- Born: Yaquelín Abdalá Rodríguez September 16, 1968 (age 57) Las Tunas, Cuba
- Other names: Yakelín Abdalá Rodríguez, Jacqueline Abdalá Rodríguez
- Education: National Art Schools, ArtEZ University of the Arts (MFA)
- Occupation: Visual artist
- Known for: Painting, installation art
- Website: www.yaquelinabdala.com

= Yaquelin Abdala =

Cuban visual artist (born 1968)

Yaquelín Abdalá Rodríguez (born September 16, 1968, in Las Tunas, Cuba), also known as Yakelín Abdalá Rodríguez, is a Cuban-born mixed media artist, working within painting and installation art. She has lived in the Netherlands since 1993.

== Exhibitions ==
Abdala displayed her brightly colored "faux" paintings, at the 5th Havana Biennial (6 May to 30 June 1994). The subject of the paintings was a combination of urban and rural Cuba, their mythologies, folk tales, and contrasts, featuring Abdala's personal anecdotes and dreams.
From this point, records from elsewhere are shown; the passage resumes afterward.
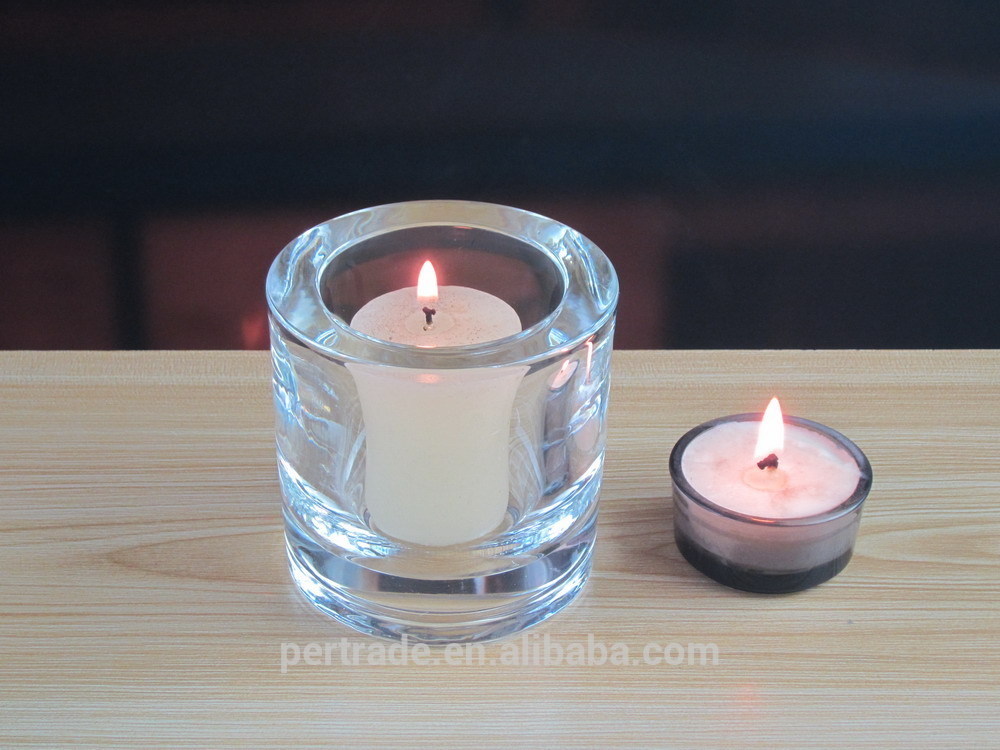 jakość Thick Wall Glass Cylinder Candle Holders For Table Decoration fabryka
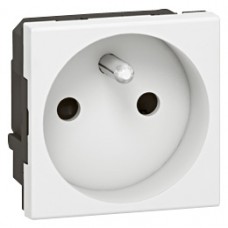 Prise Mosaic - 2P+T droite - 2 modules - blanc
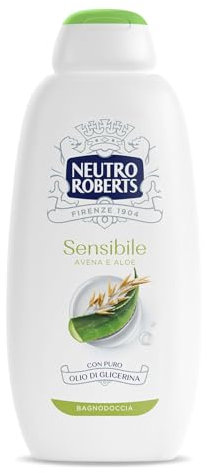 Neutro Roberts, Bagnoschiuma Corpo Sensibile con Puro Olio di Glicerina e Avena e Aloe, rigenerante sulla pelle, Formula senza sapone e a pH fisiologico, Dermatologicamente Testato, Flacone da 600 ml
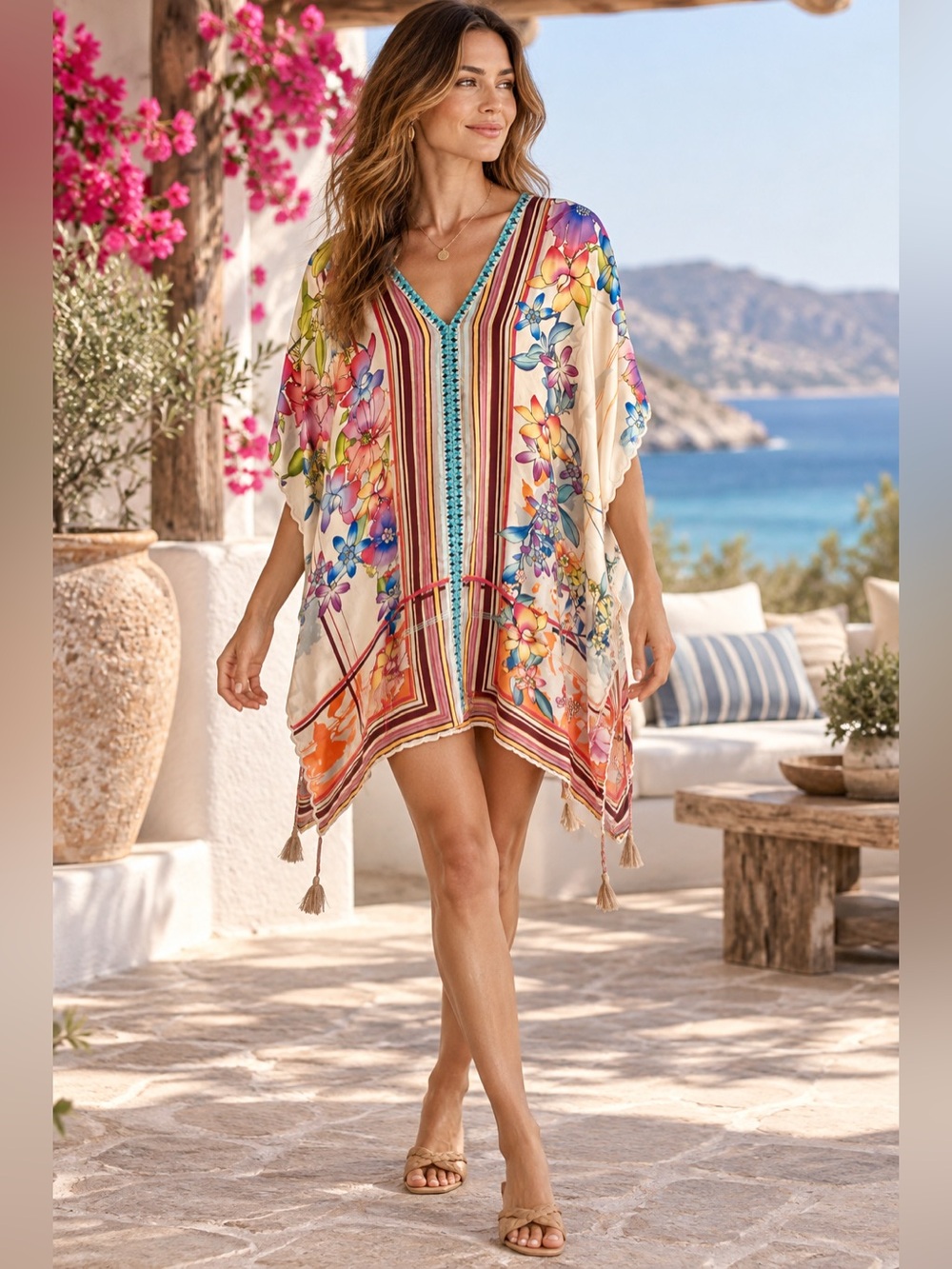 Johnny Was 100% Silk Floral Kaftan S Boho Tunic Swim Cover Up Tassel
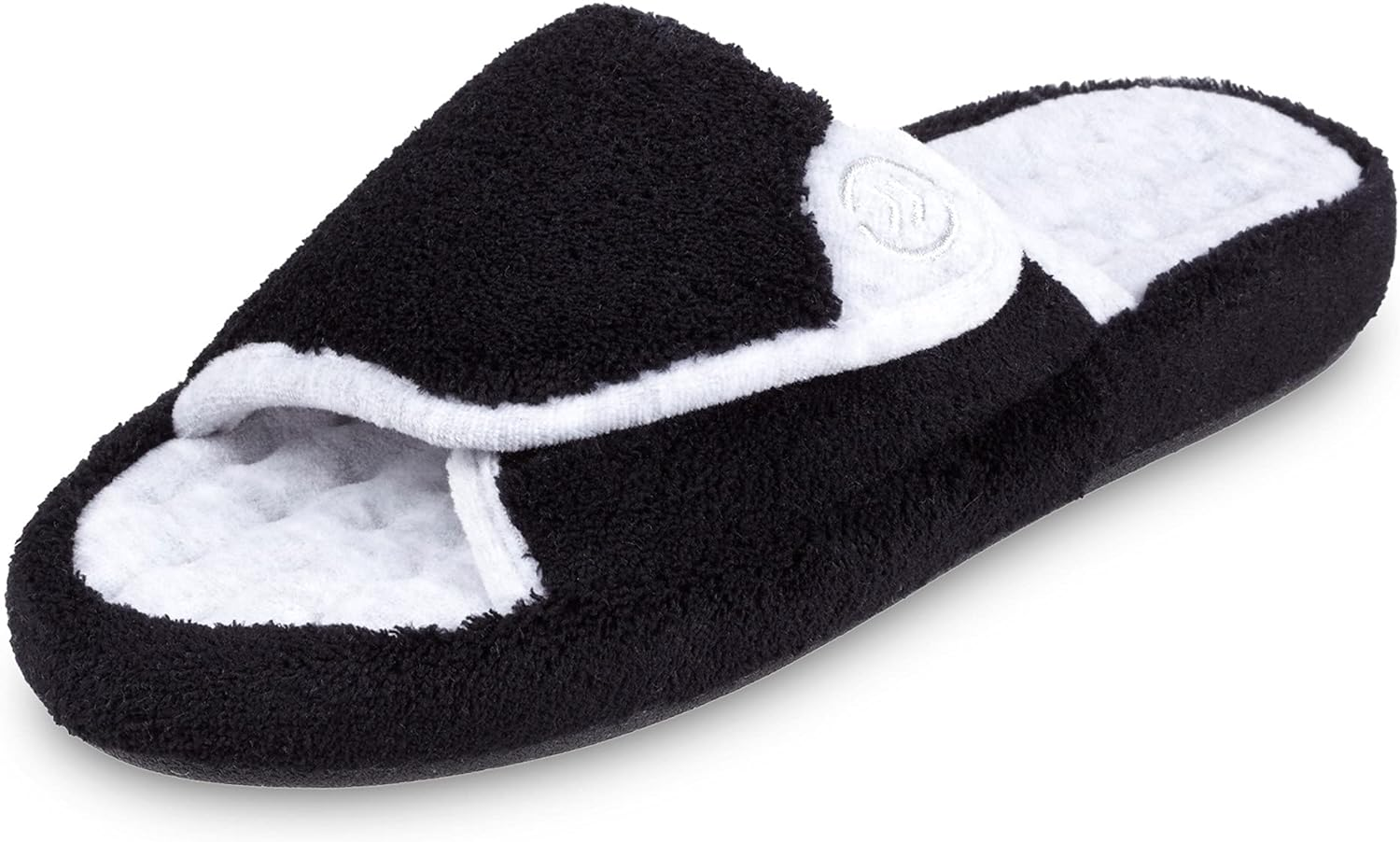 Isotoner Women'S Terry Spa Slip on Slide Slipper with Memory Foam for Indoor/Outdoor Comfort image number 5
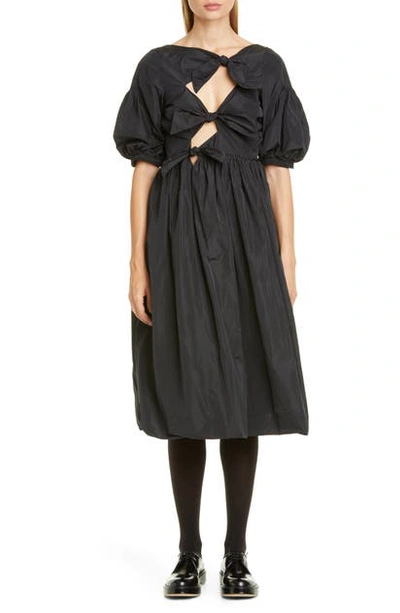 Shop Molly Goddard Sandra Tied Taffeta Midi Dress In Black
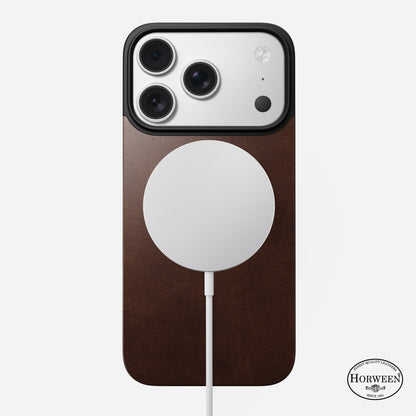 Nomad Rustic Brown Horween Magnetic Leather Back Case For iPhone 17 Pro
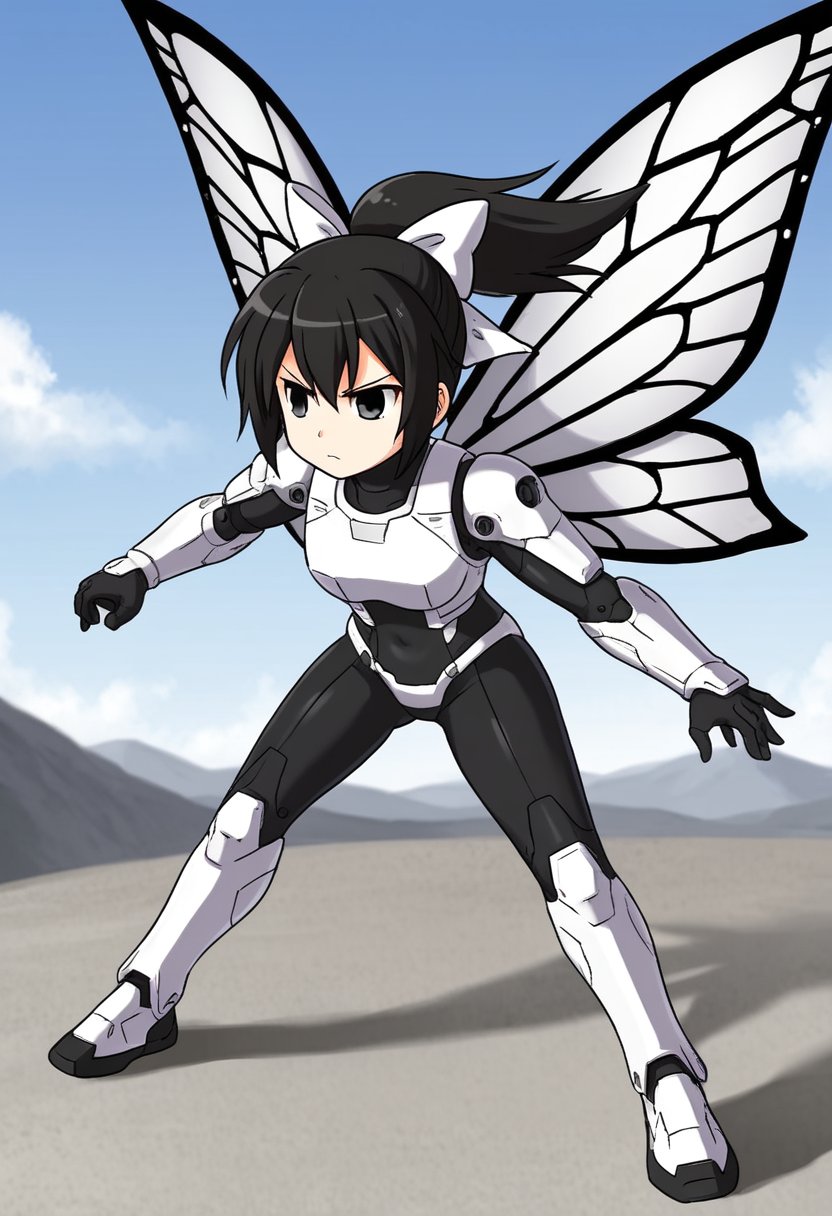 1girl, solo, tsubasadtkw, black hair, black eyes, ponytail, white bow, hair bow, black bodysuit, white armor, futuristic theme, butterfly wings, metal wings, fight stance, serious, mecha musume, outdoots, sky, flying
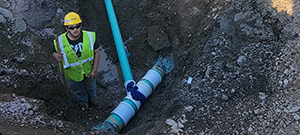 Crews install new sewer line and services throughout the south end to replace existing aging infrastructure. New sewer service installation on Morse Place. 
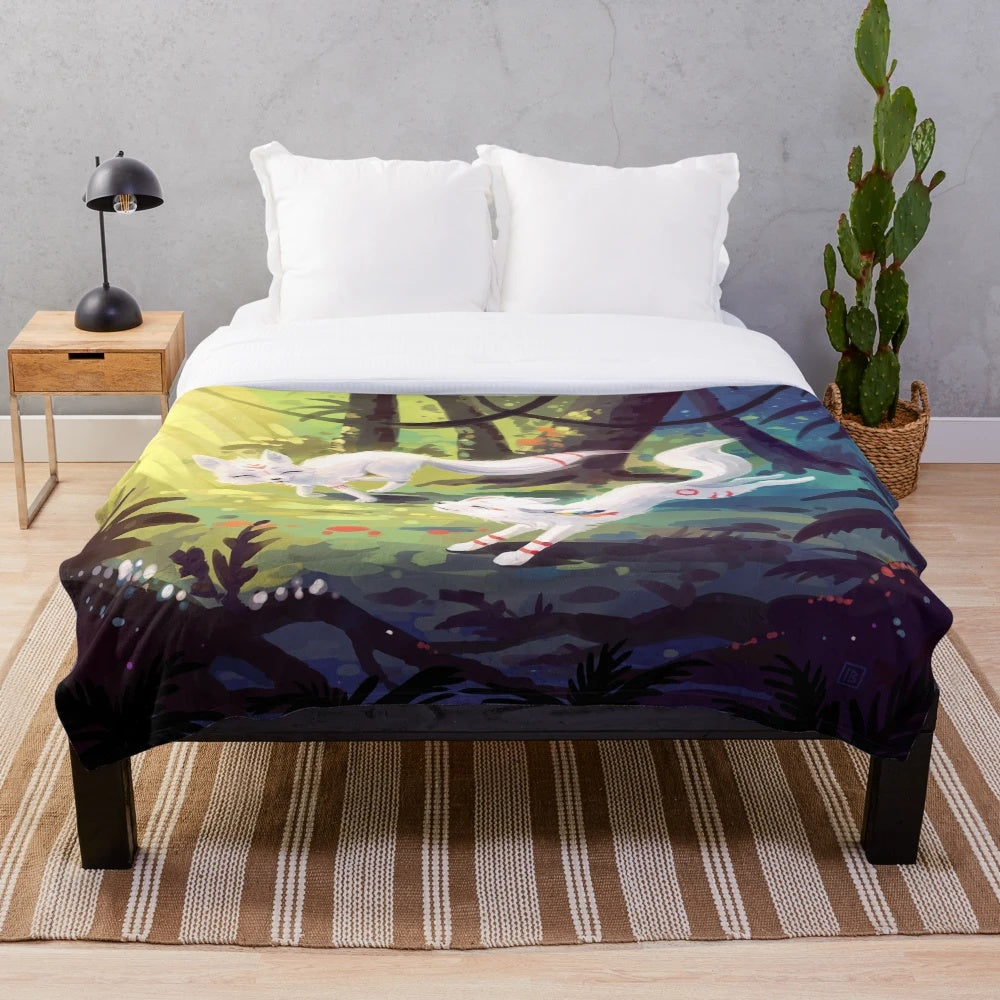 Soft and plush forest animal design blanket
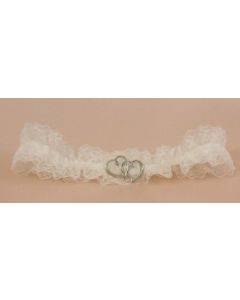 Bridal Lace Garter White Double Silver Heart 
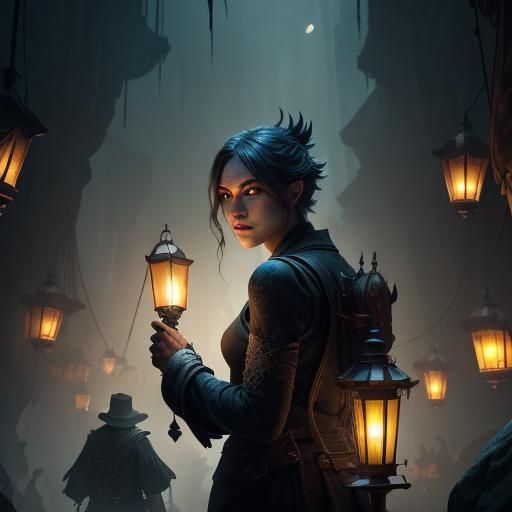 Children Find Treasure in the Dark with Lanterns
During the 7th Havana Biennial (November 2000 to January 2001) she created "We are not allone" an installation combining paintings of the female body, surrealist imagery, and photographs.

Abdala has been featured in several prominent gallery shows, including the acclaimed exhibit "Kuba Ok", which had several pieces purchased and displayed by a patron in Germany.